1. A method of determining a measure of the number of platelets in a cell suspension containing platelets, the method comprising the steps of:

counting the number of small particles in the suspension;

agitating the suspension in the presence of a gas;

counting the number of small particles in the suspension after agitation; and,

comparing the two counts to obtain a measure of the number of platelets.

2. A method according to claim 1, in which the gas is air, or one or more of its constituent gases.

3. A method according to claim 1 or 2, in which one or more aliquots of the suspension are passed through a particle counter before the suspension is agitated to obtain a first count of the number of small particles and subsequently one or more other aliquots of the suspension are passed through a particle counter after agitation to obtain a second count of the number of small particles in the sample.

4. A method according to any preceding claim, in which the cell suspension is isotonic.

5. A method according to any preceding claim, in which small particles having a volume of at least 7 femtolitres are detected to obtain a count of the number of small particles in the suspension.

6. A method according to any preceding claim, in which the suspension is subjected to a series of alterations in osmolality and a count of the number of small particles in the suspension obtained at a number of different osmolalities.

7. A method according to any preceding claim, in which at least one of the air quantity in contact with the suspension, the intensity of agitation, and the duration of agitation, is measured.

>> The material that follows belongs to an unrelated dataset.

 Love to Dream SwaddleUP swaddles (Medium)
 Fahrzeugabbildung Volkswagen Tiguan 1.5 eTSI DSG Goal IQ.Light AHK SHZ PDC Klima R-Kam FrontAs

8. A method of analysing a sample of free cells in vitro comprising the steps of:

applying a known or identifiable quantity of stress to the sample;

measuring the sample before and after the application of stress to provide at least one reading from which quantitative information relating to the number of cell fragments in the sample caused by the applied stress can be determined; and,

relating this reading to the quantity of stress to provide an indication of cell friability.

9. A method according to claim 8, in which the applied stress is at least one of the group consisting of mechanical, chemical, thermal, sonic, light, electric, electromagnetic, and an alteration in osmolality.

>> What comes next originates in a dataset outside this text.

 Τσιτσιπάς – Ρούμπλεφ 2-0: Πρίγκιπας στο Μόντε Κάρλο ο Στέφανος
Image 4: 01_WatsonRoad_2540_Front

10. A method according to claim 8 or 9, in which a range of stresses are applied so as to obtain a plot of the relationship between the number of cell fragments and the applied stress.

11. A method according to claim 8 or 9, in which the sample is subjected to an osmotic gradient.

12. A method according to claim 10 or 11, in which measurements are made at a number of different osmolalities so as to obtain data describing the relationship between the number of cell fragments and the applied stress.

13. A method according to any of claims 8 to 12, in which detection thresholds used to count the number of particles are set sufficiently low to detect cells down to a volume of substantially zero femtolitres.